Estas normas derogadas casi nunca fueron aplicadas mediante políticas públicas
específicas y coherentes. La misma suerte corrió durante un buen tiempo la ley
27818 que ordena la educación bilingüe intercultural, aunque actualmente desde
algunos organismos del Estado se viene intentando su implementación.
La
ley de lenguas originarias vigente tiene la debilidad de haber sido promulgada
bajo una norma constitucional que restringe los derechos lingüísticos e impone
el castellano como lengua oficial, pero es también la ley de mayor contenido y
detalle que se ha promulgado hasta ahora en Perú. Actualmente el Ministerio de
Cultura y el Ministerio de Educación vienen elaborando el reglamento de la ley
29735, que tendrá que ser materia de consulta previa a los pueblos originarios
antes de su promulgación. Queda también la tarea pendiente a los gobiernos
regionales de elaborar las ordenanzas que permitan la mejor aplicación y el
desarrollo de los derechos lingüísticos en sus territorios.

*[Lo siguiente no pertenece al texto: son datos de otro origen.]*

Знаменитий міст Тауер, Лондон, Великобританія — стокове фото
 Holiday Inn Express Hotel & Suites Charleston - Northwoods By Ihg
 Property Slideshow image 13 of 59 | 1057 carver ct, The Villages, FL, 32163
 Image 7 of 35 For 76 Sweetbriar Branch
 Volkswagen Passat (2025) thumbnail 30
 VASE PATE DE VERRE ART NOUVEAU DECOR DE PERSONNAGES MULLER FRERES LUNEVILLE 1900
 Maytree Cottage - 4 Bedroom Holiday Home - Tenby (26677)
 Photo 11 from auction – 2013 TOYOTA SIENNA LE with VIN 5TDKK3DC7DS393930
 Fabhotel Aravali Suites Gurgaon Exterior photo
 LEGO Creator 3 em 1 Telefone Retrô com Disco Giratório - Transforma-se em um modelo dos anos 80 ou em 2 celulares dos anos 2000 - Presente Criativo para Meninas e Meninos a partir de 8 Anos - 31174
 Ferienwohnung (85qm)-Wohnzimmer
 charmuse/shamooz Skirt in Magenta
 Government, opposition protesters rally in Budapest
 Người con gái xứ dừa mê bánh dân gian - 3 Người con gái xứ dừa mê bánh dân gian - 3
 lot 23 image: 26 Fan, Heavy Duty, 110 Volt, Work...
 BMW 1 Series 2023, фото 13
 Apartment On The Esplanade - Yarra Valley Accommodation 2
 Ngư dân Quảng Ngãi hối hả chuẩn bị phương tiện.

Se debe reconocer que estas normas jurídicas surgen de una
realidad social que ha heredado muchos de los esquemas de dominación cultural
de la Colonia, pero son también herramientas que inicialmente pueden servir
para ayudar a emanciparnos de esos esquemas injustos, inmorales y
antidemocráticos. Son normas que deben mejorarse y aplicarse de manera urgente:
varios estudios indican que durante este siglo podrían extinguirse el 80% de
las lenguas del mundo, y sin ir muy lejos: en Cusco, la ciudad abuela de América,
desde 1990 menos del 50% de los padres transmitió su lengua originaria –el
quechua o runasimi– a sus hijos. ¡Apuraylla ruwasun!